Beginning at the line that contains "It's guaranteed over", reproduce the entries below exactly, ending with the line that contains "I spent like". Omit each picture.
======== DATA PROVIDED
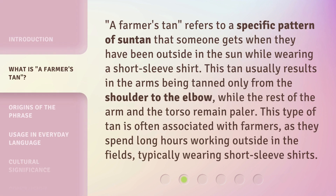A farmer's tan refers to a specific pattern of suntan that someone gets when they have been outside in the sun while wearing a short-sleeve shirt. This tan usually results in the arms being tanned only from the shoulder to the elbow, while the rest of the arm and the torso remain paler. This type of tan is often associated with farmers, as they spend long hours working outside in the fields, typically wearing short-sleeve shirts.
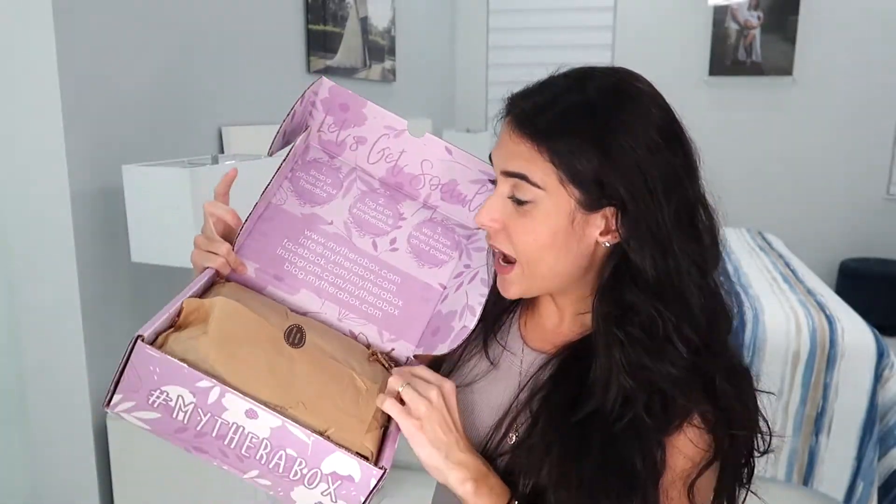It's guaranteed over $120 in retail value and every Therabox is curated by clinical counselors to boost joy and relaxation. It's filled with all things mindful, thoughtful, and beautiful to help you de-stress and live an inspired life. I think we all need this box right now, especially given what we're all living through.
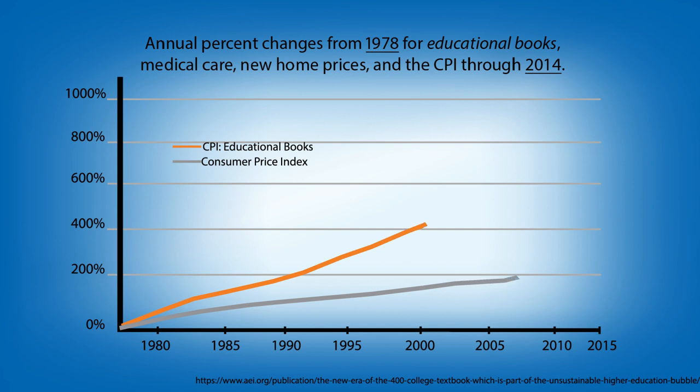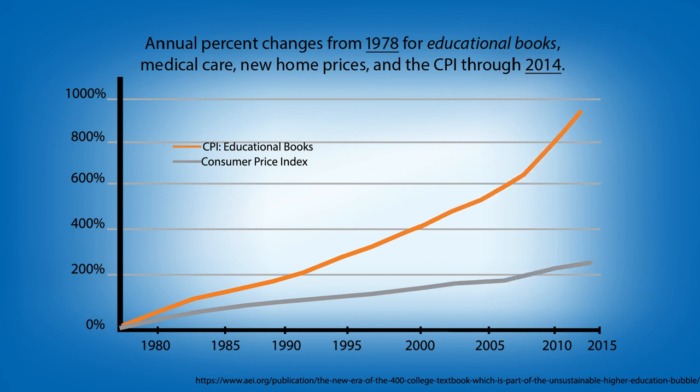I spent like $300 on textbooks. Data from the Consumer Price Index shows us that the cost of college textbooks has risen more than three times the rate of inflation for all goods and services — higher than health care, higher than home prices.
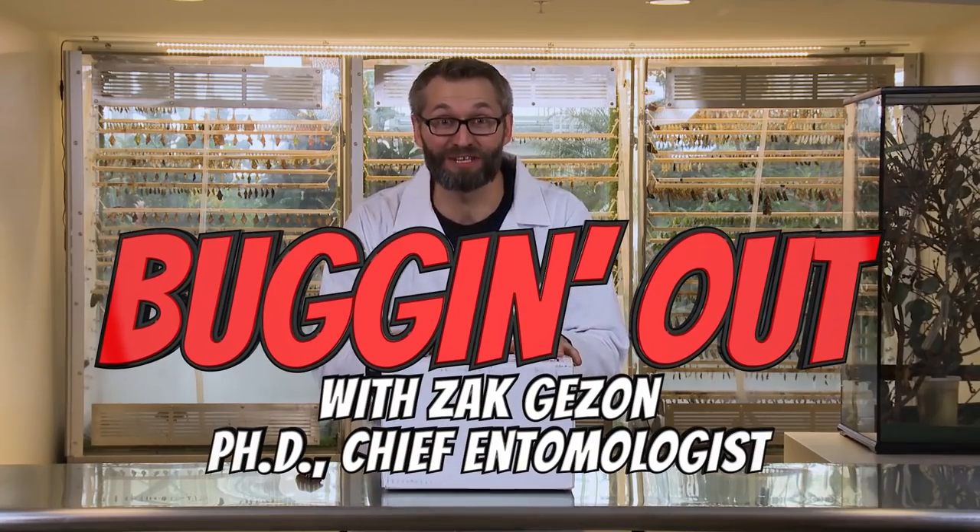Hey guys, Dr. Zach here, Chief Entomologist here at Thanksgiving Point. Today we are unboxing the undisputed champions of biodiversity: beetles. I am super excited about this.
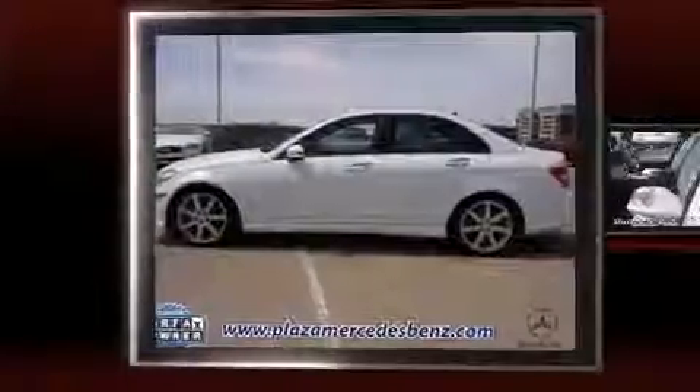The 2013 Mercedes-Benz C-Class. With less than 10,000 miles on the odometer, this four-door sedan prioritizes comfort, safety, and convenience.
================
### WRITTEN RESPONSE
It's guaranteed over $120 in retail value and every Therabox is curated by clinical counselors to boost joy and relaxation. It's filled with all things mindful, thoughtful, and beautiful to help you de-stress and live an inspired life. I think we all need this box right now, especially given what we're all living through.
I spent like $300 on textbooks. Data from the Consumer Price Index shows us that the cost of college textbooks has risen more than three times the rate of inflation for all goods and services — higher than health care, higher than home prices.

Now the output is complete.